A good tensor implementation accounts for strides that are SIMD compatible (eg; each dimension is a multiple of the SIMD register width).

int_19h · on Nov 28, 2018

An array of arrays is necessarily contiguous in C - this is implied by the type. An array of pointers to arrays will, of course, not be contiguous - and is the only way to get a dynamically sized heap-allocated 2D array in C (VLAs give you stack-allocated arrays, with all the size limits that entails).

In C++, this all is best handled by a library class.

cygx · on Nov 28, 2018

Heap-allocated dynamically-sized NxM matrix in C99:

    double (*mat)[M] = calloc(N * M, sizeof (double));

int_19h · on Nov 28, 2018

Ah, good point. I always forget that VLA types in C99 are actually types, and so you can use them in these contexts as well.

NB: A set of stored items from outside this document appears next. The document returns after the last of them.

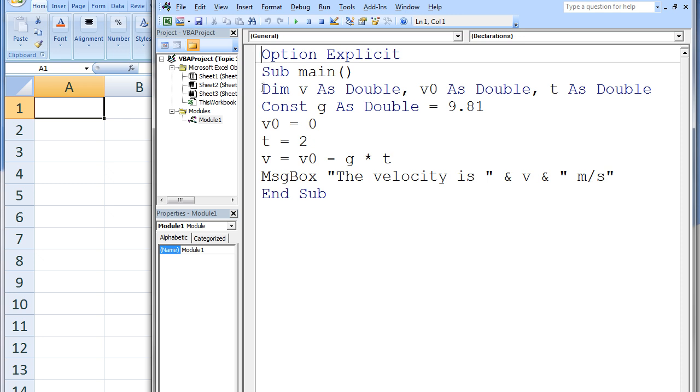The final velocity v, initial velocity v0, and time t are all declared as double variables. The gravitational acceleration g is declared as a constant variable with a double data type, and g is assigned a value of 9.81.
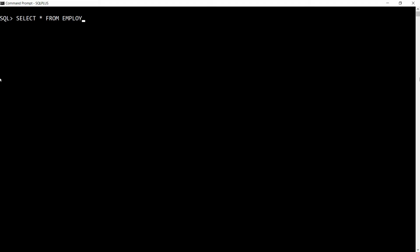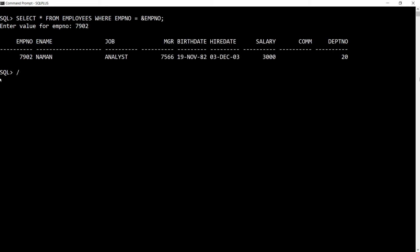I'm writing the query: SELECT * FROM employees WHERE employee_number = &employee_number. It will ask me to enter the value for employee number. If I know the number, for example 7902, it will return the data. But what if I don't know the number — for example, if I write 1111 — and I want to get all the data? Is it possible?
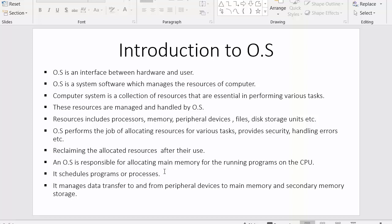It's the responsibility of the operating system to provide memory or space for programs so that they can get executed inside the CPU. It's also the responsibility of the operating system to schedule the program — determining when that process gets executed. The last point is: it's the responsibility of the operating system to successfully transfer data from various peripheral devices to main memory and secondary memory.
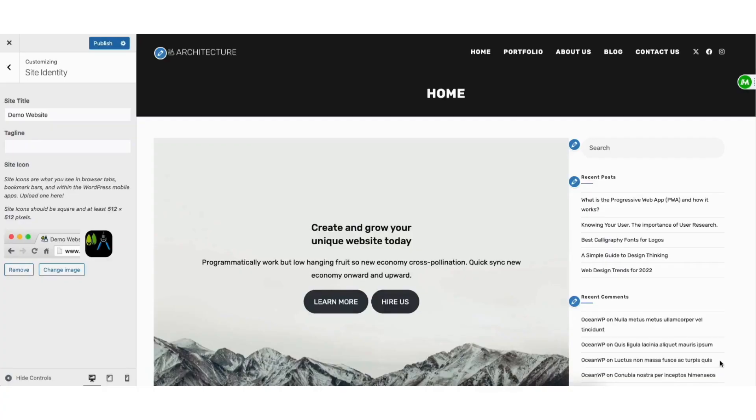You'll see the example of the favicon showing here. Click the publish button at the top to save your changes.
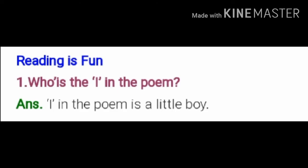Question number 1: Who is the I in the poem? The name of the poem is Puppy and I, so who is the I in the poem? — I kaun hai poem mein? The answer is: I in the poem is a little boy — jo chota bacha hai, wo usmein hai. Or you can say the poet is I in the poem.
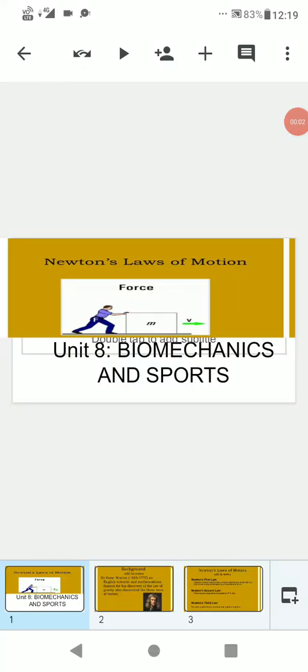Good morning students, here's Mrs. Neelam Jain from Askeem Public School. Students, today I'm going to teach you Unit 8, Biomechanics and Sports. Today my topic is Newton's Law of Motion and its application in sports.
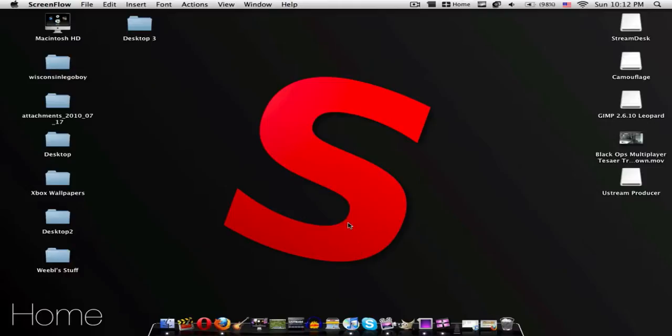So today I have an application review, not on the iPod or anything, but it's for the Mac. I will be doing this for Mac and PC, so let's get started.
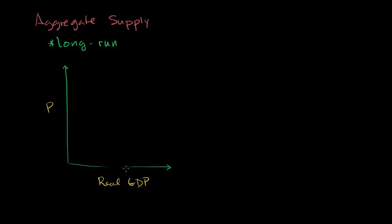The assumption that economists often make when we think about aggregate supply and aggregate demand is in the long run, real GDP actually does not depend on prices. So regardless of what the price is, you're going to have the same real GDP. You could view this as a natural level of productivity for the economy.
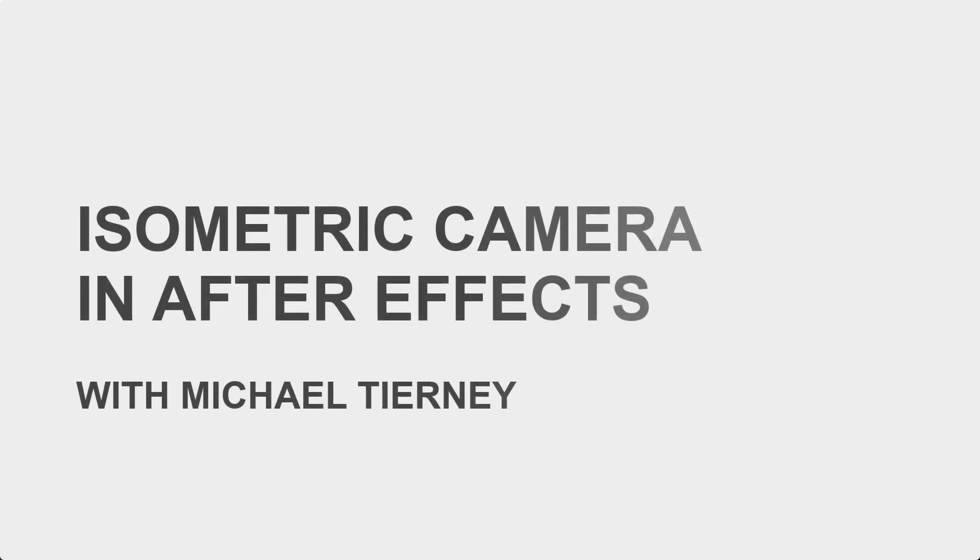Hi everyone and welcome to another quick tutorial with me, Michael Tierney. Today we're going to be having a look at the quickest and easiest way to create an isometric camera in After Effects.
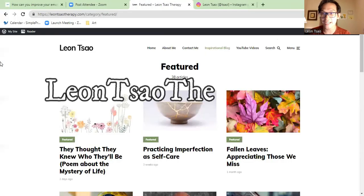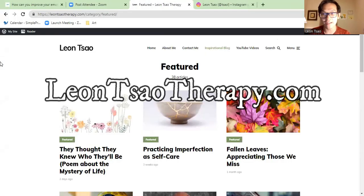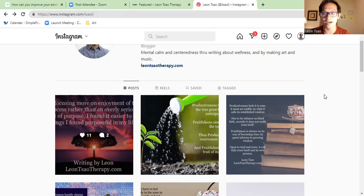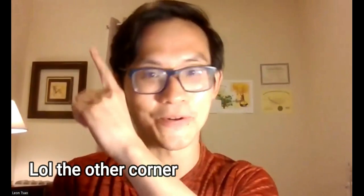Be sure to check out my website, leonsyletherapy.com, where I have all sorts of articles on mental health. Also check out my Instagram page, which has inspirational writing. I have links to both of these down below in the description box. You can also watch my video on extroverts over in the corner.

It's a shame they killed VLAs as a mandatory language feature. They didn't make C into Fortran (which I think was the hope, between them, complex numbers, and "restrict"?), but they did make some things a great deal more pleasant to write.

cf498 · on Nov 28, 2018

>and is the only way to get a dynamically sized heap-allocated 2D array in C (VLAs give you stack-allocated arrays, with all the size limits that entails).

Why wouldnt you be able to create a dynamic array of arrays with placement new and a cast.

int_19h · on Nov 28, 2018

A cast to what, though? You need to be able to write the type of that array, but you can't do that unless dimensions are compile-time constants.

Const-me · on Nov 28, 2018

> A good tensor implementation accounts for strides that are SIMD compatible (eg; each dimension is a multiple of the SIMD register width).

Never implemented any tensors, but in my experience, sometimes you better do what GPUs do with some texture formats: switch from linear layout into dense blocks layout. E.g. for dense float32 matrix and SSE code, a good choice is a 2D array of 4x4 blocks: exactly 1 cache line, and only consumes 4 out of 16 registers while being processed i.e. you can do a lot within a block while not hitting any RAM latency.

bane · on Nov 28, 2018

This might help

https://dzone.com/articles/memory-layout-of-multi-dimensiona...

http://exodus.physics.ucla.edu/Fortran95/scf95.lect3.pdf

xiii1408 · on Nov 28, 2018

There's a better solution, to your problem: pass an "index object" as the argument to operator[].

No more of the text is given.